Who is your sustainability story speaking to?
Having worked in this space since 2008, I’d say most communications I see are still targeted at meerkats: a small subset of the population who are hyper-tuned to spot existential threats and will alert their clan via niche WhatsApp groups in seconds.
The truth is, whatever sustainability message is broadcast, meerkats will turn their heads. How do I know? Because I self-identify as one.
Now let’s focus our binoculars on ostriches. Heads in the sand, seemingly unwilling to listen or engage with our message, no matter how shrill we shout. How much of the sustainability professional’s psyche is still rooted in perpetual combat with their feathered climate deniers? In lockjaw with Bjørn Lomborg, among others?
Have we ever truly moved beyond trying to convince them that the science is irrefutable? Proving someone wrong is never a good starting point for communication — and that scent of righteous rhetoric still lingers in the air. So let’s put ostriches to the back of our minds for a moment. They do listen, just not to us.
Now let’s turn our gaze to the wildebeest. They carpet the savannah from horizon to horizon, heads down, minding their own business.

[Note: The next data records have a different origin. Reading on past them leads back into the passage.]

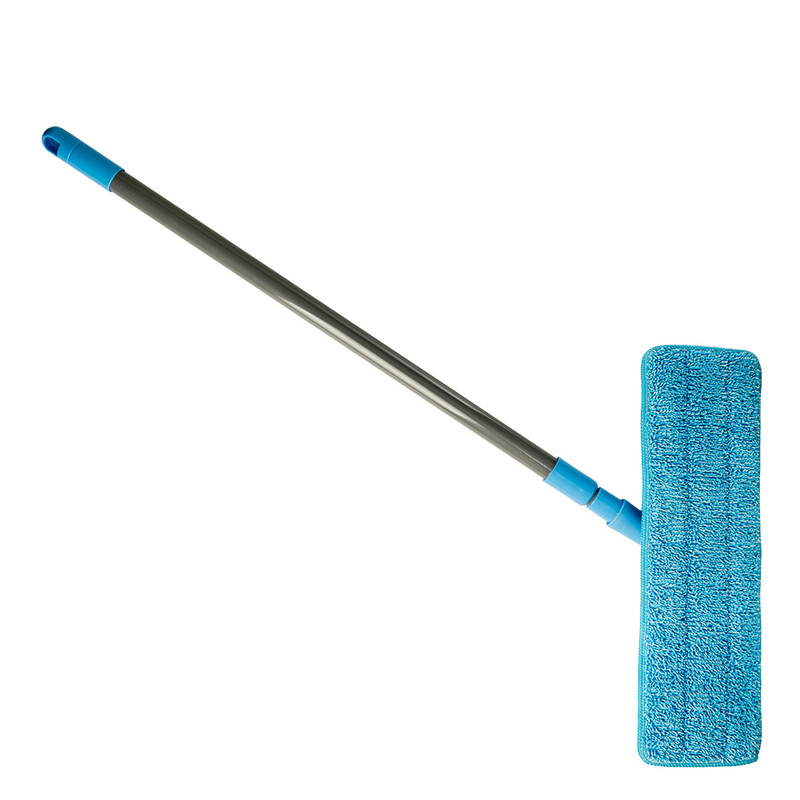 Grīdas mazgāšanas mops, 120 cm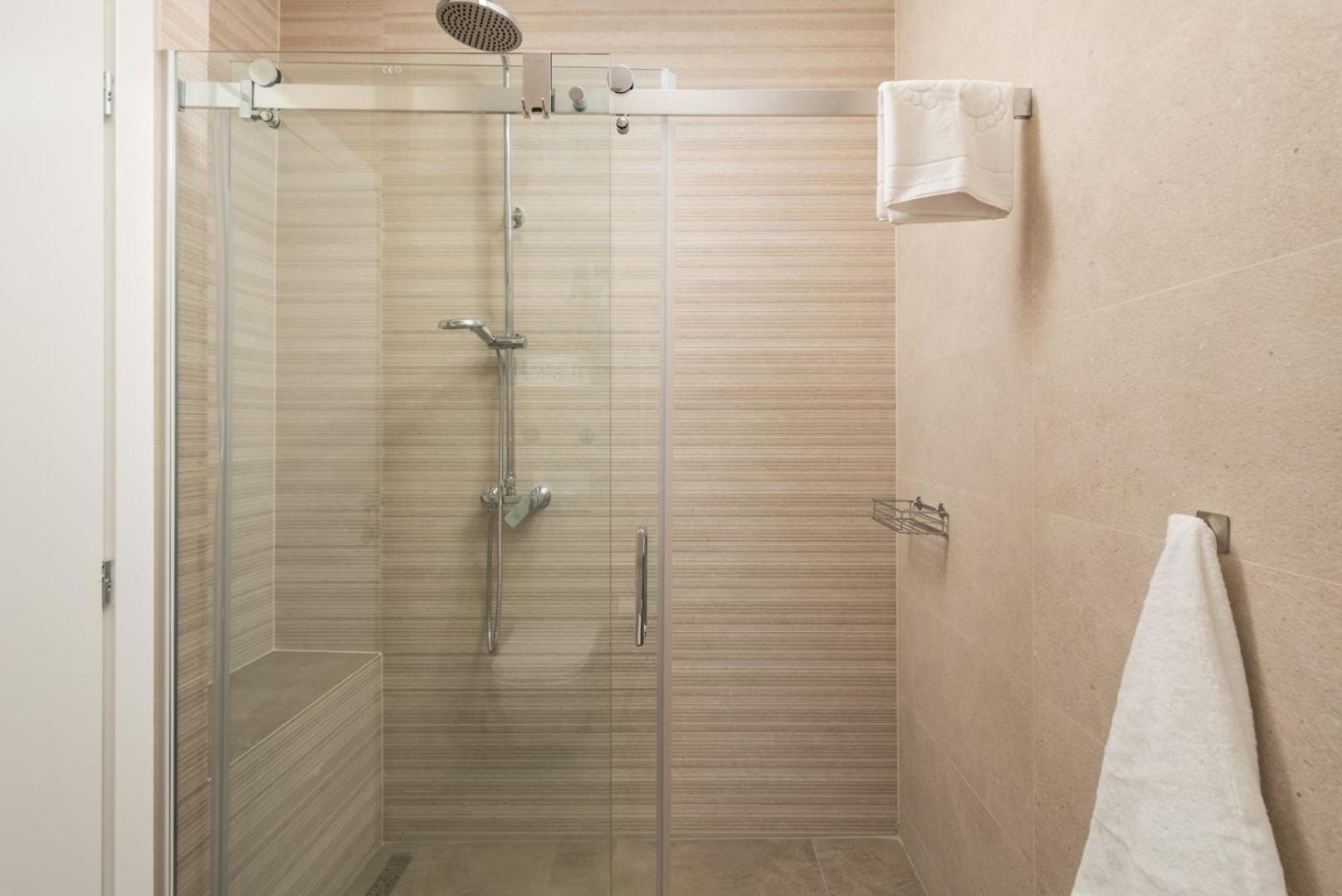 Apartments Jadranka Omišalj Zewnętrze zdjęcie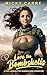 Love the Bombshells 3: A Po...
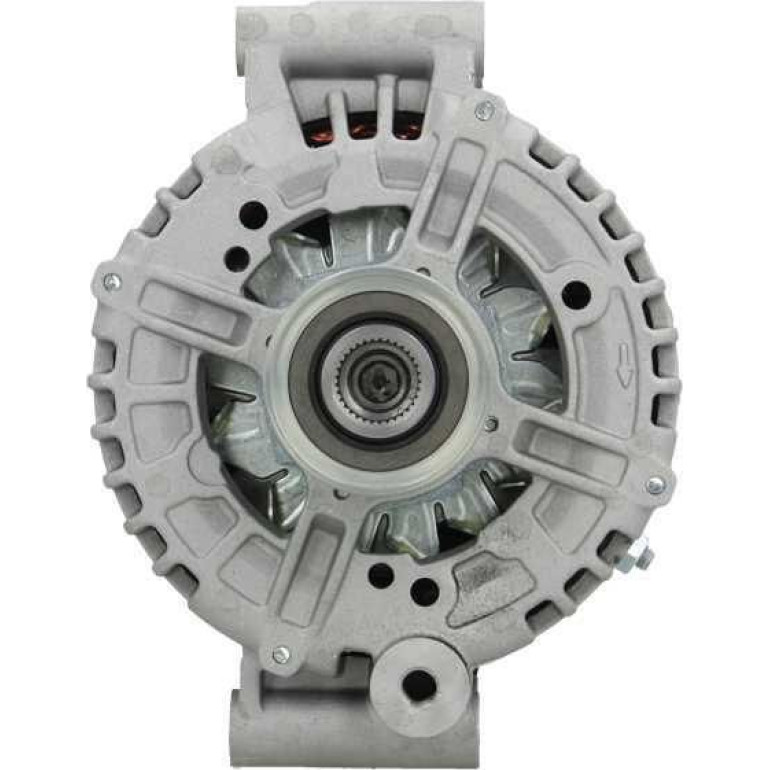 Generator 215.548.180.014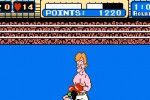 Mike Tyson's Punch-Out!! (NES)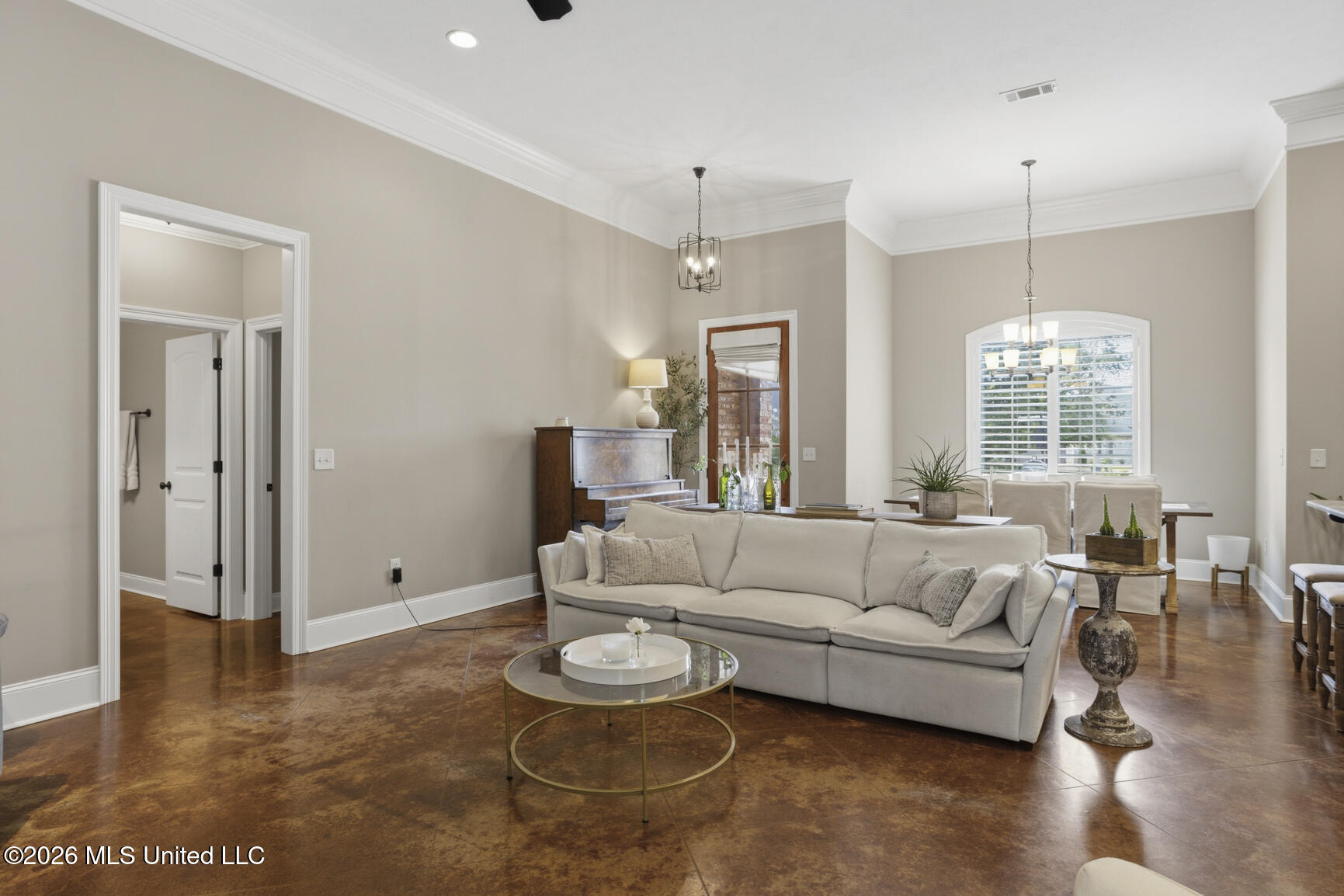 120 Provonce Park Property Photo 7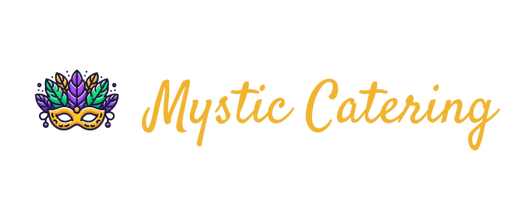 Mystic Catering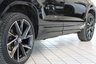 USED 2020 69 SKODA KAROQ 1.5 TSI ACT SportLine SUV 5dr Petrol Manual Euro 6 (s/s) (150 ps) -PANORAMIC GLASS ROOF-
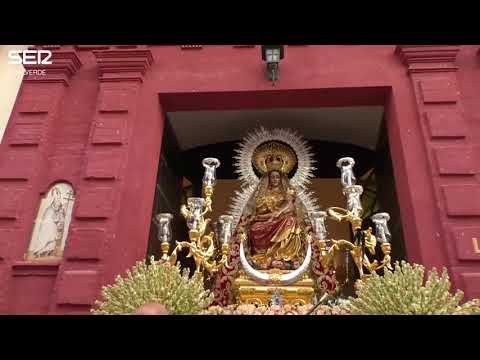 Cambios significativos en las Fiestas Patronales de Valverde del Camino 2024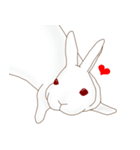 おもちぷっか（個別スタンプ：36）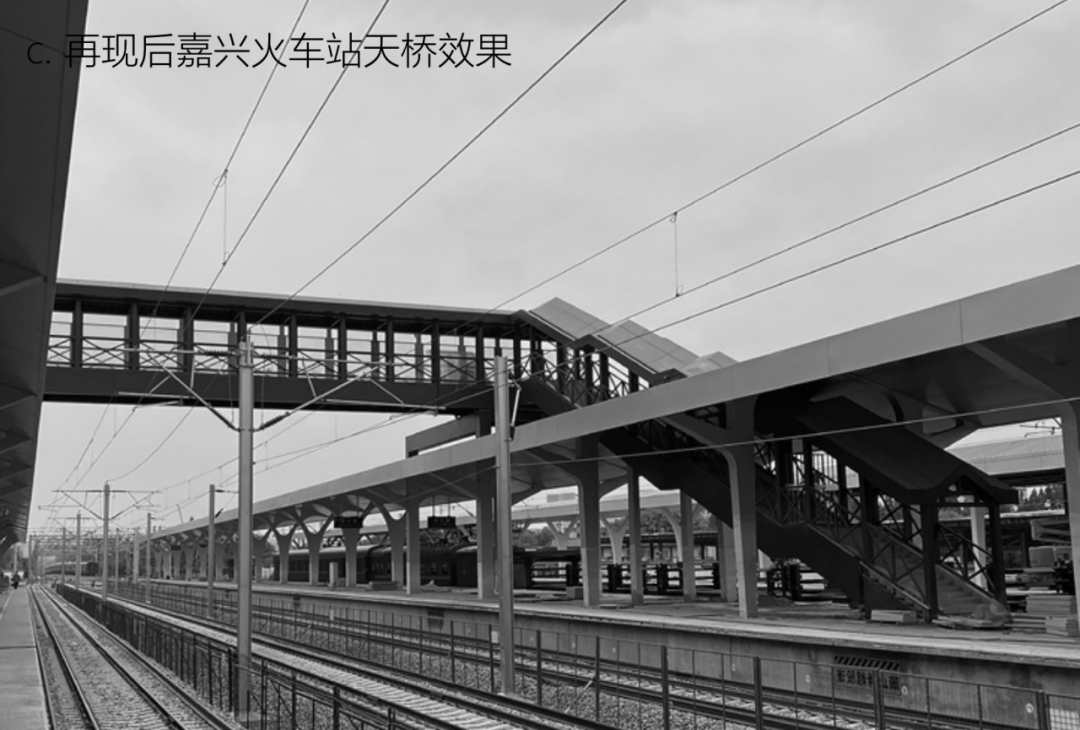 历史与城市“事件”的记忆复刻 历史与城市“事件”的记忆复刻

They are the forgotten masses: numerous and normal. They migrate as one — not because of fear of an existential threat, or a sense of doing the right thing, but because of self-interest; the innate drive to find greener pastures.
So next time you start a sustainability story by explaining the science, or slip in a mention of 1.5°C of warming above pre-industrial levels, picture the wildebeest. Almost every sustainable behaviour change I know of results in greener pastures for the masses — we just need to sell it as such.
And what about the ostriches? Even with their heads in the sand, when they feel the tremors of a million hooves moving as one, they too will move fast.